高校生で起立性調節障害を発症した娘と家族のあゆみ

高校生で起立性調節障害を発症した娘と家族の記録

特別な出来事

 義父の乾癬の湿疹のお薬つけが大変だと嘆く義母のご褒美(お見舞い)に義妹が義母の好きな演歌歌手のコンサートへ行こうと提案してくれた。当日はデイケアの日。生真面目な義母は決められたことをキチンとしないのは大嫌い。ずる休みは絶対嫌だと言い張る。なので今回はデイの日を前日に振り替えていただき、準備万端。当日は、夕方からのコンサートだというのに早朝からおしゃれをして義妹の迎えを待っていた。
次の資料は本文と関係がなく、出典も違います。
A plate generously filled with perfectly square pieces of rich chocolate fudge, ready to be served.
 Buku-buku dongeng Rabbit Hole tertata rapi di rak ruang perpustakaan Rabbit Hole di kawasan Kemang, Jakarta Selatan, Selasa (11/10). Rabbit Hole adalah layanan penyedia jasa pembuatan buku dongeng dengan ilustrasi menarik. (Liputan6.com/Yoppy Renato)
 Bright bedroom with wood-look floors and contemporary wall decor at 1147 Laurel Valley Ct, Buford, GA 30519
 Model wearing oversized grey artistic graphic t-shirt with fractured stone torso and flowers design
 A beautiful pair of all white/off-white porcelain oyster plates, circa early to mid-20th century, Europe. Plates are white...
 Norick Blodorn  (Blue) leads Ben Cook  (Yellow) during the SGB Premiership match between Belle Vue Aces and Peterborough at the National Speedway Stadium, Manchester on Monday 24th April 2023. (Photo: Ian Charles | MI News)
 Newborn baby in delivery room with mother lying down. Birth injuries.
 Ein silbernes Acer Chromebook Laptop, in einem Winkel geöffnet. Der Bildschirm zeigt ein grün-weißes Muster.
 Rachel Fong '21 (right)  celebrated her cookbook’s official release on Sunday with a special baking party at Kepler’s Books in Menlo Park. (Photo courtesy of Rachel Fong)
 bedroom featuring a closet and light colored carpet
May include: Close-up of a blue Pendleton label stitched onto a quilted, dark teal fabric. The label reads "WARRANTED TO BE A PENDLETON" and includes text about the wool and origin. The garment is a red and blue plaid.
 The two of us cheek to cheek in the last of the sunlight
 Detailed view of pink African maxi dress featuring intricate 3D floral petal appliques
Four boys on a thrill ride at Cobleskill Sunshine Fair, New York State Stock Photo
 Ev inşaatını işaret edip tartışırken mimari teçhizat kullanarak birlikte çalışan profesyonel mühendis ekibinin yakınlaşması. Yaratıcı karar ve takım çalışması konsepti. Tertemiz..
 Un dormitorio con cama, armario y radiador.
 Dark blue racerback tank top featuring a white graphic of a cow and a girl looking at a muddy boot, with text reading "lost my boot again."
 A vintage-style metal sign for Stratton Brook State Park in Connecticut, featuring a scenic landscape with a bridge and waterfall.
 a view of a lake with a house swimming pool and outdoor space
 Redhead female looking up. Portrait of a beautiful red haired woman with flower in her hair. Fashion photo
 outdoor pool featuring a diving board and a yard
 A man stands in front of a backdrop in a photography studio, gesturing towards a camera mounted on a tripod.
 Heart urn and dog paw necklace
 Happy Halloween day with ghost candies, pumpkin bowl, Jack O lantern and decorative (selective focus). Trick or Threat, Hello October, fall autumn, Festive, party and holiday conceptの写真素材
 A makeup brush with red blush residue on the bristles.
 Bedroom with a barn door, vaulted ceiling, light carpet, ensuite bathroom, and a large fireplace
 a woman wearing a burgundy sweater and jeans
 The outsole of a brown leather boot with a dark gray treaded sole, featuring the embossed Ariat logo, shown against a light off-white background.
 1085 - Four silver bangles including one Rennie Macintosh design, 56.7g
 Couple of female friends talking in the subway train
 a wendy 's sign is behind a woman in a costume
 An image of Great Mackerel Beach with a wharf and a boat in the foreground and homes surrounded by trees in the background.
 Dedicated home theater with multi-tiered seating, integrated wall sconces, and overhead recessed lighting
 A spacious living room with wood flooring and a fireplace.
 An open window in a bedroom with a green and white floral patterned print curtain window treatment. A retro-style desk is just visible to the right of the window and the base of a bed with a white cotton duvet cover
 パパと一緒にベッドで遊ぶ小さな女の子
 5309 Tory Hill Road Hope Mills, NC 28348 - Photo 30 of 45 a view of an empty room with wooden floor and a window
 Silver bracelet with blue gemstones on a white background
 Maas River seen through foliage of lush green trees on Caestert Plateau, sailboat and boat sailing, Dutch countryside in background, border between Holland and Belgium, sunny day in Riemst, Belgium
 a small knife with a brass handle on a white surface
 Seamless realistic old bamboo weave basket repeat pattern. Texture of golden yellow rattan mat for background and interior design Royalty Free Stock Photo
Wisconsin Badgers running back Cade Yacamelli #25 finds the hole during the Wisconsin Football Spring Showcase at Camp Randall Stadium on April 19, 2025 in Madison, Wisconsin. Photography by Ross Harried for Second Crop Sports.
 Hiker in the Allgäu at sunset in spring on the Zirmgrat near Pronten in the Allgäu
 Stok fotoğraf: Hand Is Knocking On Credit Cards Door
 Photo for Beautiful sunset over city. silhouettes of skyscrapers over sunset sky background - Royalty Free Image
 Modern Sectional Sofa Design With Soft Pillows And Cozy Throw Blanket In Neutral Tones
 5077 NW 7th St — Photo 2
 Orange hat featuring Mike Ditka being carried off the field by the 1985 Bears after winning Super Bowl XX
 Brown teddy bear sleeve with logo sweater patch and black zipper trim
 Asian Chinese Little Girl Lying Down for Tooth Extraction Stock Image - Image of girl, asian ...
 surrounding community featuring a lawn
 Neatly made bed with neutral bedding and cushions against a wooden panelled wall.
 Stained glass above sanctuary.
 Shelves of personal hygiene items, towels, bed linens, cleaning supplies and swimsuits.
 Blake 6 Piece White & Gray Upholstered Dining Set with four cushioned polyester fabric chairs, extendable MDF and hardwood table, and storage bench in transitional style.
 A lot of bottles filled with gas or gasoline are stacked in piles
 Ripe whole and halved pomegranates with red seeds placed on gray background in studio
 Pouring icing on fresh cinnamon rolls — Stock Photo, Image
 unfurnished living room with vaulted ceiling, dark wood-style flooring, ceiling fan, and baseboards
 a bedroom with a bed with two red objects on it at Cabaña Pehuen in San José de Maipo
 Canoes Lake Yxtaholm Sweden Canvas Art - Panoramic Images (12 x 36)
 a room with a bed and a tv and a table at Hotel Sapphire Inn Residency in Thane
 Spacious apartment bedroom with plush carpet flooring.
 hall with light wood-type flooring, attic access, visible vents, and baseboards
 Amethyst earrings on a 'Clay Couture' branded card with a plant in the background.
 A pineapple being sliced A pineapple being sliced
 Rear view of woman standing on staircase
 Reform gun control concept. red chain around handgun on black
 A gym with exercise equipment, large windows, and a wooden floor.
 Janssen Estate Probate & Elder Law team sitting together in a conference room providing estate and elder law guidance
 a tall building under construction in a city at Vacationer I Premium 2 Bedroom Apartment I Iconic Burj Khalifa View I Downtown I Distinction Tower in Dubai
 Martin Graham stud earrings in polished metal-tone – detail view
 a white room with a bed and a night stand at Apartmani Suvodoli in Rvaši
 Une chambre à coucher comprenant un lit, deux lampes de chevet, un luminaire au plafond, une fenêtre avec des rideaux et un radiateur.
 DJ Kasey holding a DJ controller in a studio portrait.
 コンサートの翌日は、週に一度の夫が義母の一週間分の買物に同伴する日。車の中では、行きも帰りも「生まれて初めてのコンサートが本当に楽しくてうれしくて夢みたいだった」と何度も何度も繰り返したそうだ。因みに義母は昔からコンサートが大好きな人。好きな歌手のコンサートならば、たとえ相棒がいなくても、年に何度でも、県内県外を問わず駆け付けるコンサートマニア。人生でコンサートへ行った回数は家族の誰よりずば抜けて多いはず。この数、音楽好きの夫でもかなわない(笑)

 楽しい出来事というのは、本当に偉大だ。高級寿司など美味しい差し入れをしても翌日まで覚えていることは皆無なのに、コンサートへ娘と行ったという出来事は、あれから4日経っても鮮明に覚えているようだ。ただ、「当日好みの歌手が、民謡も歌ってくれたらどんなに良かったか」とも同じように何度も繰り返すのだが、これは義妹によると事実とは違ったらしい。「ちゃんとその歌手、民謡を2曲歌ってたのにな」と言っていた。覚えていられる記憶と覚えられない記憶、境界が興味深い。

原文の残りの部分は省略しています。